Comcast is a diversified communication services company with sizable operations across connectivity (broadband and video), business services, content & experiences (Peacock, NBCUniversal studios) and theme parks. Q2 2025 showed modest revenue growth (+2.1%) and materially higher GAAP net income driven by a $9.4 billion non‑operating gain from the Hulu sale, while operating income and Adjusted EBITDA were essentially flat as higher amortization, depreciation and interest weighed on operating results. Segment performance was mixed: domestic broadband ARPU rose but subscriber losses continued, video declined, Business Services grew (including the Nitel acquisition), Peacock subscribers increased to ~41 million, and Theme Parks benefited from the opening of Epic Universe.
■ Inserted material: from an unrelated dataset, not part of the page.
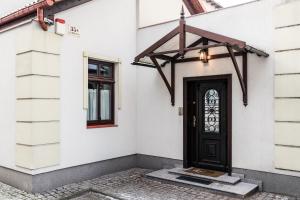 a house with a black door and a window at Sanhaus Apartments - Apartamenty Capri in Sopot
The company maintains strong operating cash flow and active capital return (large buyback authorization and dividends) but carries substantial debt (~$101.5 billion) with ample revolver liquidity and covenant compliance.
Given Comcast’s mix of subscription businesses, advertising/content economics and capital‑intensive theme parks, incentive plans are likely anchored to adjusted operating metrics rather than one‑time GAAP items — e.g., Adjusted EBITDA, operating cash flow, free cash flow, ARPU/subscriber trends and segment EBITDA (Peacock, Studios, Parks). Management’s explicit use of adjusted results (excluding transaction‑related costs and one‑offs such as the Hulu sale) suggests annual bonuses and long‑term performance shares are calibrated to adjusted EBITDA/cash flow and strategic milestones (subscriber growth, content releases, successful integration of acquisitions, completion of spin‑offs). Long‑term awards are also likely tied to stock performance (TSR) and leverage/ROIC targets because of the company’s high debt load; debt metrics and covenant compliance can materially influence payout levers and the timing of vesting or discretionary awards. Recent tax law changes and material non‑operating gains could alter the design or tax treatment of deferred compensation and may motivate the company to emphasize cash‑flow based metrics going forward.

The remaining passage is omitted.